Backed by one of the world’s richest and most politically influential industrial lobbies, the drug companies have enlisted the U.S. government as a loyal ally in the campaign against generics. Through the office of the U.S. Trade Representative, the United States has fought to advance the interests of the pharmaceutical industry, pressuring other governments on a bilateral basis and threatening to seek trade sanctions via the WTO.

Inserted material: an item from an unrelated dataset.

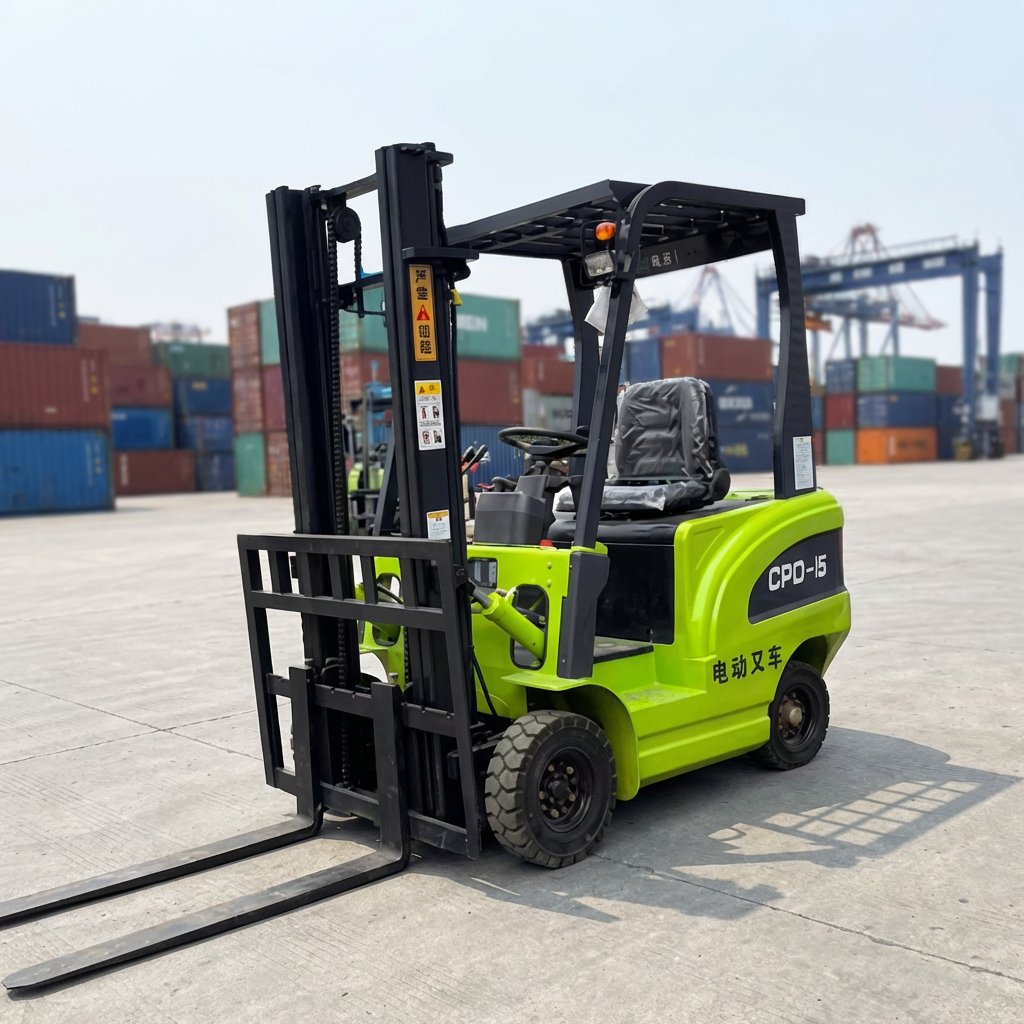 Electric Forklift with Lithium Battery 1.5 Ton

The U.S. vote last Wednesday in the Third Committee of the U.N. General Assembly was not too surprising, given this record. Still, it was dismaying to find the United States willing to stand alone against 167 other countries – as if it were a matter of principle to oppose a resolution calling for widespread public access to the drugs necessary to combat global epidemics such as HIV/AIDS, tuberculosis and malaria.
Future Trade Agreements
The U.N. vote is, moreover, a worrisome portent for the future. At present, the U.S. Trade Representative is negotiating a number of bilateral and multilateral trade agreements, including the proposed Free Trade Area of the Americas. Given U.S. advocacy on behalf of pharmaceutical companies, interests, these agreements are likely to go beyond the WTO’s rules in protecting drug patents.
President George Bush, in a number of his most high-profile speeches, has expressed a rhetorical determination to assist in the global fight against HIV/AIDS. By allowing U.S. officials to lead the world in protecting the commercial interests of drug companies, he betrays his public commitment to this cause.